Coding Assignment: Implementing a Solution for the Spurious Correlations Problem

[Self-assessment for those interested in Empirical Work]. If this is too difficult for you, please consider taking more ML courses first.

We have a sample task just to help us understand if you're familiar with Pytorch etc. and how comfortable you are with machine learning in general.

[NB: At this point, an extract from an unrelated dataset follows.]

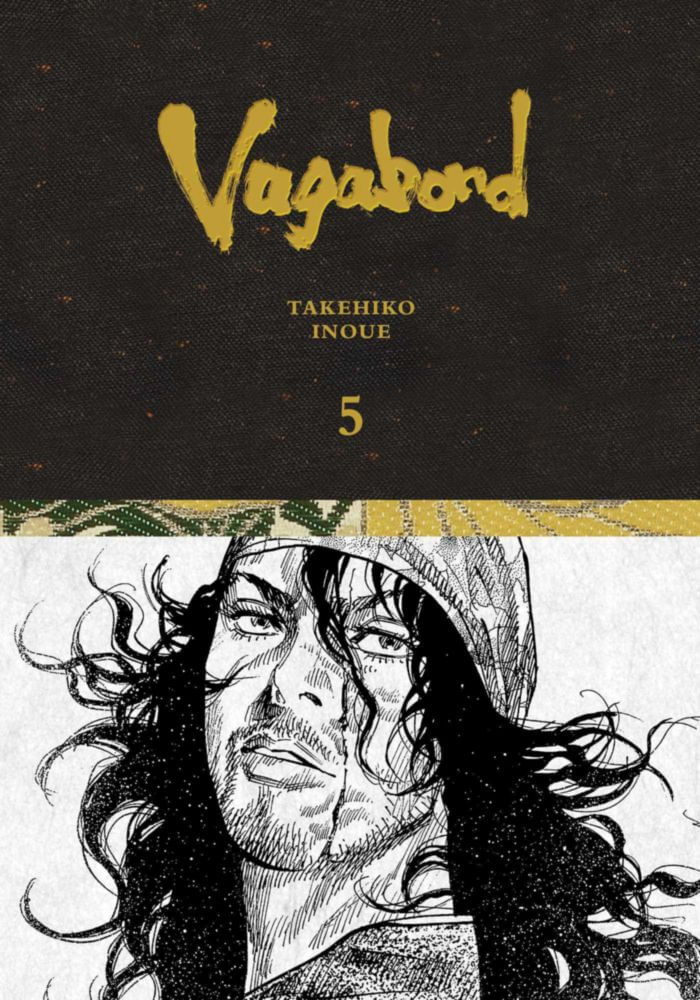 Libro Vagabond Edición Definitiva Vol. 5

Deep neural networks often exploit non-predictive features that are spuriously correlated with class labels, leading to poor performance on groups of examples without such features. Using the SpuCo Package (SpuCo Documentation), we'd like you to implement a simple method to remedy spurious correlations in SpuCoMNIST (use default parameters to initialize the dataset). https://spuco.readthedocs.io/en/latest/

The method (George) we'd like you to implement has a 3 step pipeline: https://arxiv.org/abs/2011.12945
1. Train a model using ERM
2. Cluster inputs based on the output they produce for ERM
3. Retrain using "Group-Balancing" to ensure in each batch each group appears equally.

We'd like you to send us a notebook with your code and outputs (similar to the SpuCo Quickstart Notebooks).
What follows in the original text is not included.